Assignment> Please reproduce every record, keeping each one exactly as written.
Information given Start Marker
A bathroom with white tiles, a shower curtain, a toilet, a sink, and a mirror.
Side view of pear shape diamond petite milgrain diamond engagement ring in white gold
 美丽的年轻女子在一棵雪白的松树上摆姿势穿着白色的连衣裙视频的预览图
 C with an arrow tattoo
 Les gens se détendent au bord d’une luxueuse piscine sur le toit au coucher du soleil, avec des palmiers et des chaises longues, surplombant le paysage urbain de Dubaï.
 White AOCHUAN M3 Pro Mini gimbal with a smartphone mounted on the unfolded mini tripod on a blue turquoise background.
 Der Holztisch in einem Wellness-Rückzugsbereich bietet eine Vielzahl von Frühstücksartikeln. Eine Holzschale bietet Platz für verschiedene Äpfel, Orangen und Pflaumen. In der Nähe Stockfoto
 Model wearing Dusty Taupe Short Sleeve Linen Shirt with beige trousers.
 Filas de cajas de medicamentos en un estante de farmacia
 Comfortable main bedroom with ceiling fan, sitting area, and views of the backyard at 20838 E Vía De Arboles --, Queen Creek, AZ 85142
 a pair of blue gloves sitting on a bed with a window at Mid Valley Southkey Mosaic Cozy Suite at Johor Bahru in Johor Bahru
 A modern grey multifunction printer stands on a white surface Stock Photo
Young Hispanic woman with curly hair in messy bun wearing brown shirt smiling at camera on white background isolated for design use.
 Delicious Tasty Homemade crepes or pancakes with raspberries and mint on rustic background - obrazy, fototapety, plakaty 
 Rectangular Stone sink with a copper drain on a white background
Information given End Marker
Answer below>
A bathroom with white tiles, a shower curtain, a toilet, a sink, and a mirror.
Side view of pear shape diamond petite milgrain diamond engagement ring in white gold
 美丽的年轻女子在一棵雪白的松树上摆姿势穿着白色的连衣裙视频的预览图
 C with an arrow tattoo
 Les gens se détendent au bord d’une luxueuse piscine sur le toit au coucher du soleil, avec des palmiers et des chaises longues, surplombant le paysage urbain de Dubaï.
 White AOCHUAN M3 Pro Mini gimbal with a smartphone mounted on the unfolded mini tripod on a blue turquoise background.
 Der Holztisch in einem Wellness-Rückzugsbereich bietet eine Vielzahl von Frühstücksartikeln. Eine Holzschale bietet Platz für verschiedene Äpfel, Orangen und Pflaumen. In der Nähe Stockfoto
 Model wearing Dusty Taupe Short Sleeve Linen Shirt with beige trousers.
 Filas de cajas de medicamentos en un estante de farmacia
 Comfortable main bedroom with ceiling fan, sitting area, and views of the backyard at 20838 E Vía De Arboles --, Queen Creek, AZ 85142
 a pair of blue gloves sitting on a bed with a window at Mid Valley Southkey Mosaic Cozy Suite at Johor Bahru in Johor Bahru
 A modern grey multifunction printer stands on a white surface Stock Photo
Young Hispanic woman with curly hair in messy bun wearing brown shirt smiling at camera on white background isolated for design use.
 Delicious Tasty Homemade crepes or pancakes with raspberries and mint on rustic background - obrazy, fototapety, plakaty 
 Rectangular Stone sink with a copper drain on a white background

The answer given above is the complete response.